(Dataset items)
──────────
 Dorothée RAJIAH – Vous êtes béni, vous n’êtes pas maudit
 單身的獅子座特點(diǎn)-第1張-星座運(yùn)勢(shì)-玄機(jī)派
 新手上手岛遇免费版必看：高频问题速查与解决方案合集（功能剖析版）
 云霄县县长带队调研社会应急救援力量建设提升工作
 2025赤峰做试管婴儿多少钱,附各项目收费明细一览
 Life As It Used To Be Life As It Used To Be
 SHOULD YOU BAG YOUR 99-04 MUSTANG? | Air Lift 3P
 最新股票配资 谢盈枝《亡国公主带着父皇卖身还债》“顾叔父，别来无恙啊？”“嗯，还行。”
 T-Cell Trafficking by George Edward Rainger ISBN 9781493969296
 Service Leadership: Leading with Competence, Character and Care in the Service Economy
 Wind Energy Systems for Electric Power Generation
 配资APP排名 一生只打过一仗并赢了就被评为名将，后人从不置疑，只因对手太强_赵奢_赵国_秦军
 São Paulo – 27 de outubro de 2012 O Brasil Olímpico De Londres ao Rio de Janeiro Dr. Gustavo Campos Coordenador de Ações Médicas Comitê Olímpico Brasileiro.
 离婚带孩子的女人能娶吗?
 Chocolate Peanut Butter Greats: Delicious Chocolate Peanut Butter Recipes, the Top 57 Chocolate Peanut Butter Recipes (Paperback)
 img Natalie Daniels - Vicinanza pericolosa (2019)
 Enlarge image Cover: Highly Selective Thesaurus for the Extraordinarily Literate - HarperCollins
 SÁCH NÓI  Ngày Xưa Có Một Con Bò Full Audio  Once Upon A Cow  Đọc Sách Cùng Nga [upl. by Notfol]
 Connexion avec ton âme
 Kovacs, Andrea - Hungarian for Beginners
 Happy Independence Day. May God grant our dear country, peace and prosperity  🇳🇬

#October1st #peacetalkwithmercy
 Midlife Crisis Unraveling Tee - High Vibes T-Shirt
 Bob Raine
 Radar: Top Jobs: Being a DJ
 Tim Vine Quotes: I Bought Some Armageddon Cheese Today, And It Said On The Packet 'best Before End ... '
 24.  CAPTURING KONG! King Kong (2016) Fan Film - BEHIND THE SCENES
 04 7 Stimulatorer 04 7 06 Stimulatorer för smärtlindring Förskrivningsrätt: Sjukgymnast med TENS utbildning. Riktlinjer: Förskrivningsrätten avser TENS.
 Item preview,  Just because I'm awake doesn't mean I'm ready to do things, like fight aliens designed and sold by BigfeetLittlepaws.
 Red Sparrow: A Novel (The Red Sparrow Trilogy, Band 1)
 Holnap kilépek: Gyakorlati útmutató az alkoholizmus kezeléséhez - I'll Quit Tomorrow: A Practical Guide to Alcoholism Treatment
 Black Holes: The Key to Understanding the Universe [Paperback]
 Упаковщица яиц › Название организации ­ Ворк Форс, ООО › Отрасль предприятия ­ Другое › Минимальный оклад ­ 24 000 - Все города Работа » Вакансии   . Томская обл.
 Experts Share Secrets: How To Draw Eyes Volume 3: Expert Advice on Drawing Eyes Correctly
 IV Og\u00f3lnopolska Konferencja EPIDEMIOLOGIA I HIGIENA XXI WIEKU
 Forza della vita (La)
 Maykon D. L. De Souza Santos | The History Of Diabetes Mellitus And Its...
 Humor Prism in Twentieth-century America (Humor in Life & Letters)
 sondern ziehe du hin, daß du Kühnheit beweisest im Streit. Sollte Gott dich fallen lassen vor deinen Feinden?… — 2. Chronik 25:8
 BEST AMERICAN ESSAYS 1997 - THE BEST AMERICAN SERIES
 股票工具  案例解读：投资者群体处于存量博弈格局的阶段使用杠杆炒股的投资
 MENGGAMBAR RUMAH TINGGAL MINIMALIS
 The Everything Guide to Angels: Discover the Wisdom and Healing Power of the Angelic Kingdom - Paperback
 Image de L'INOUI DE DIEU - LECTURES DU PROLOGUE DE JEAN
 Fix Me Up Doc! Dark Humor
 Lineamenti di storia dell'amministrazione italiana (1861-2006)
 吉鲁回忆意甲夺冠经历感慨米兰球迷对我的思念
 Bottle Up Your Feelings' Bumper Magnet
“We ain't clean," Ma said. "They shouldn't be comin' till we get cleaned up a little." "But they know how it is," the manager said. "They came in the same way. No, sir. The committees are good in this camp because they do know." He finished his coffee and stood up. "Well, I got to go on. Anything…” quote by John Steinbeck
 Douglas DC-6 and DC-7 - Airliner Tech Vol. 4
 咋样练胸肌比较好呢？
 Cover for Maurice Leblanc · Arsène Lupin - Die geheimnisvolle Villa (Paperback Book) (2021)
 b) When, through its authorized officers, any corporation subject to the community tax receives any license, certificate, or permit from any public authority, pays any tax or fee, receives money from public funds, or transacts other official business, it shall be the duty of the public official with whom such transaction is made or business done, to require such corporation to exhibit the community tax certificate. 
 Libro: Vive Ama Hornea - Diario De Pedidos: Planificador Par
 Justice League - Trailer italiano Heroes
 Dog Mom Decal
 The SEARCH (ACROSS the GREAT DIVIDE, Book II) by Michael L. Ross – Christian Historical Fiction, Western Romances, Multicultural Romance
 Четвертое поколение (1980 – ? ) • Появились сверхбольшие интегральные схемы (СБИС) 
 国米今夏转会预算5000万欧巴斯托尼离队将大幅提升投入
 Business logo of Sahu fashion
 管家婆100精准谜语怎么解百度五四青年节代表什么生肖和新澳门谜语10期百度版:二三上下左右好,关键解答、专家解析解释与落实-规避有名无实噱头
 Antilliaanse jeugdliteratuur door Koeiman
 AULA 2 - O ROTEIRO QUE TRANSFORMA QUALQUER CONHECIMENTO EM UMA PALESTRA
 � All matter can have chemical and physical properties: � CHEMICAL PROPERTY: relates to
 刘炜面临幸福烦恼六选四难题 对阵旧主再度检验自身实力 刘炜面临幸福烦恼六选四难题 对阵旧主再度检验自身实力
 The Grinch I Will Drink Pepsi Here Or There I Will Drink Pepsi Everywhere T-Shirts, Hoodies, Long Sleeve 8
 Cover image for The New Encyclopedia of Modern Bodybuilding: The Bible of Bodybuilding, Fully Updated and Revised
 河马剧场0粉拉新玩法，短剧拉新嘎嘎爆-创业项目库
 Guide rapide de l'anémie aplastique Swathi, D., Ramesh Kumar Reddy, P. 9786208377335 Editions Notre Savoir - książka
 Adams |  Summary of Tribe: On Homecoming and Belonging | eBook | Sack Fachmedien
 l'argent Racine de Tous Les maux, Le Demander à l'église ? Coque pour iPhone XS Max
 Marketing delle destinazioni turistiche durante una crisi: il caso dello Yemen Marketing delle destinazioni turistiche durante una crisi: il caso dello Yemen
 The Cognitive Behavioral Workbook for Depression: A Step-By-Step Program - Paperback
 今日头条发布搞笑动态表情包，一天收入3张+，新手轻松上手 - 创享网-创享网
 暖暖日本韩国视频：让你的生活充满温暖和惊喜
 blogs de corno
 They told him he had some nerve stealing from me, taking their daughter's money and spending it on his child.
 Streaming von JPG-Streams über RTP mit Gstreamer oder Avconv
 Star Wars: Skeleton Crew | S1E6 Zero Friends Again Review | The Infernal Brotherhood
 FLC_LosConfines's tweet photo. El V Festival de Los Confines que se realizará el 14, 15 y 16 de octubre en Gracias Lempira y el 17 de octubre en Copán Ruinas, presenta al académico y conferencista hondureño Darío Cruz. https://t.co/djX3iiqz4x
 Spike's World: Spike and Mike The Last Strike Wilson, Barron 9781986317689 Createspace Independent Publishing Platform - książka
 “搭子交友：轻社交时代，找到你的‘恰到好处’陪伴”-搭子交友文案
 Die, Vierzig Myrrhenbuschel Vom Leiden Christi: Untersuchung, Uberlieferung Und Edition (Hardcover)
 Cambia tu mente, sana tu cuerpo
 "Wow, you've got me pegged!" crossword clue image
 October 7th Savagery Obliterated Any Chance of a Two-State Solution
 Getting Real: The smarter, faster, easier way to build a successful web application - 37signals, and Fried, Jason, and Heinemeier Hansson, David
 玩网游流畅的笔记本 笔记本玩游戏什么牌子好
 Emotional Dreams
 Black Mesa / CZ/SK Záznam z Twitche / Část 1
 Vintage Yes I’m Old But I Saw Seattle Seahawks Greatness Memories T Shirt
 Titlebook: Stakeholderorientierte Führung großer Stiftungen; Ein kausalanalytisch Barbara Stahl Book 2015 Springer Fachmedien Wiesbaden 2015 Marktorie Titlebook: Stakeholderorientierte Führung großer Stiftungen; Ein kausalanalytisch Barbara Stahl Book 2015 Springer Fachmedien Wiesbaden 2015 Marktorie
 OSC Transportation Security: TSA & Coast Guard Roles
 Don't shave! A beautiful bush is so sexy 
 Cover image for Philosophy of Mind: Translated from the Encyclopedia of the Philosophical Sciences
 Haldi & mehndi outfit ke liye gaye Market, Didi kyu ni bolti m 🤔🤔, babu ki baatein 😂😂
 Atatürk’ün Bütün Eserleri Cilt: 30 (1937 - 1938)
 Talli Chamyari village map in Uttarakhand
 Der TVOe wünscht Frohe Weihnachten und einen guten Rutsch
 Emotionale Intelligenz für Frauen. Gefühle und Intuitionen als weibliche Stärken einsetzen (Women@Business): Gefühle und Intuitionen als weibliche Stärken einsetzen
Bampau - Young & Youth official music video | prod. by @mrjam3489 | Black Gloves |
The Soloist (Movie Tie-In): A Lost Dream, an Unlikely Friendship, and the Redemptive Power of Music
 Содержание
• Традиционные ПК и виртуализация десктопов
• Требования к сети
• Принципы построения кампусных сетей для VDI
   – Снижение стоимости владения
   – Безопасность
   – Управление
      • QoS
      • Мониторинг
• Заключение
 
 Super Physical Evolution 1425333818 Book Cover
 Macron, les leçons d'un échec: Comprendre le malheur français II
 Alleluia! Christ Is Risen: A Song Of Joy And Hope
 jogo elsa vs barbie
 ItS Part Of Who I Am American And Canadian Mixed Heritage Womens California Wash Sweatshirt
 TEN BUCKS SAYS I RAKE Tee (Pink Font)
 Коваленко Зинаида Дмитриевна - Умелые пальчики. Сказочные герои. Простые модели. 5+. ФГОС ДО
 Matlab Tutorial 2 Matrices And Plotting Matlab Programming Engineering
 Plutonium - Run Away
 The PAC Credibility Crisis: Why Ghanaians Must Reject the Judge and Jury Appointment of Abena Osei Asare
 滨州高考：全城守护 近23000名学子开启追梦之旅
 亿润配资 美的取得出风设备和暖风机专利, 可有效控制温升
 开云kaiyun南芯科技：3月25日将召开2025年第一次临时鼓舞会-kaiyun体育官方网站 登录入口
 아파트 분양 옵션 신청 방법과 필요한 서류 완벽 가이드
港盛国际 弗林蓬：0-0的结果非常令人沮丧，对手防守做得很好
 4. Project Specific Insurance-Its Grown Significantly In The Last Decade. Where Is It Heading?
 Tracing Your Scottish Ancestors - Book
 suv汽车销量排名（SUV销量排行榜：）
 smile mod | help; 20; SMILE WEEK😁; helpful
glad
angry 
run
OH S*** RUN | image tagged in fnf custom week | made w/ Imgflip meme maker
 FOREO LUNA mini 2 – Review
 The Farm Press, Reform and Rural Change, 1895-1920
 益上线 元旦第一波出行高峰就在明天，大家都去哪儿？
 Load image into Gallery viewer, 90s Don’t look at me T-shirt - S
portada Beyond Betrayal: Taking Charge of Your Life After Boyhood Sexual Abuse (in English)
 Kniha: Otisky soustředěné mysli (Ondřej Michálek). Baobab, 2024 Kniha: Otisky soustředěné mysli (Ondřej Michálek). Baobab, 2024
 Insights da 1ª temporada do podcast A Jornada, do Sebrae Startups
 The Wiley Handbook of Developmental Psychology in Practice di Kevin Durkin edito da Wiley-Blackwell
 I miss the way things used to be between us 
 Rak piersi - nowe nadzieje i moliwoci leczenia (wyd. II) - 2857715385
──────────
§ Instructions for the task
Of the lines above, retype only those from the line containing "Connexion avec ton âme" through the line containing "Holnap kilépek: Gyakorlati", including both, exactly.

§ Answer for this exercise
 Connexion avec ton âme
 Kovacs, Andrea - Hungarian for Beginners
 Happy Independence Day. May God grant our dear country, peace and prosperity  🇳🇬

#October1st #peacetalkwithmercy
 Midlife Crisis Unraveling Tee - High Vibes T-Shirt
 Bob Raine
 Radar: Top Jobs: Being a DJ
 Tim Vine Quotes: I Bought Some Armageddon Cheese Today, And It Said On The Packet 'best Before End ... '
 24.  CAPTURING KONG! King Kong (2016) Fan Film - BEHIND THE SCENES
 04 7 Stimulatorer 04 7 06 Stimulatorer för smärtlindring Förskrivningsrätt: Sjukgymnast med TENS utbildning. Riktlinjer: Förskrivningsrätten avser TENS.
 Item preview,  Just because I'm awake doesn't mean I'm ready to do things, like fight aliens designed and sold by BigfeetLittlepaws.
 Red Sparrow: A Novel (The Red Sparrow Trilogy, Band 1)
 Holnap kilépek: Gyakorlati útmutató az alkoholizmus kezeléséhez - I'll Quit Tomorrow: A Practical Guide to Alcoholism Treatment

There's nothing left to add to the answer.